Parents should teach their children to pray, said Elder Henry B. Eyring Sunday afternoon.
"The child learns both from what the parents do and from what they say," said Elder Eyring, a member of the Quorum of the Twelve. "The child who sees a mother or a father pass through the trials of life with fervent prayer to God and then hears a sincere testimony that God answered in kindness will remember what they saw and heard. When their trials come, they will be prepared."
Speaking during the closing session of 170th Semiannual General Conference, Elder Eyring called prayer a matter of the heart.

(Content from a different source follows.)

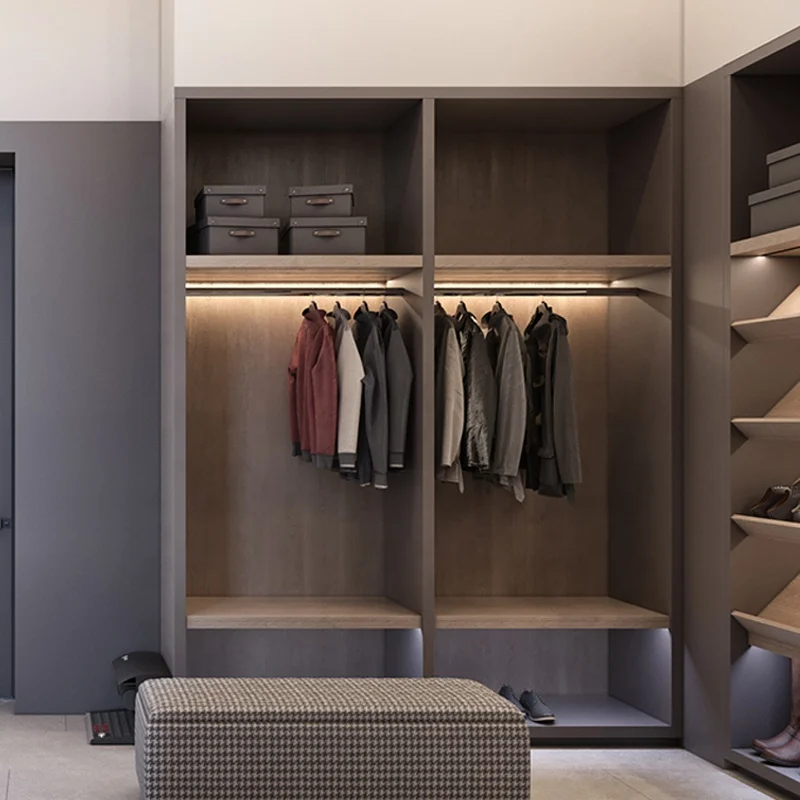 Modern Walk in Robe Wooden Wardrobe Walk in Closet for Bedroom with Sliding Door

"I had been taught far more than the rules of prayer," he said of the example set by his parents before he ventured from home. "I had learned from my parents and from the Savior's teachings that we must address our Heavenly Father in the reverent language of prayer."
Elder Eyring, a member of the Quorum of the Twelve, told parents to never profane their Heavenly Father's name. "Can you imagine how the prayers of a child are harmed by hearing a parent profane the name of God?" he asked. "There will be terrible consequences for such an offense to the little ones."
From his parents Elder Eyring said he learned that during prayer one should give thanks for blessings and ask for forgiveness. One should ask for what one needs and pray for others to be blessed. By surrendering one's will to God, one can be warned of danger and shown what was done to displease God.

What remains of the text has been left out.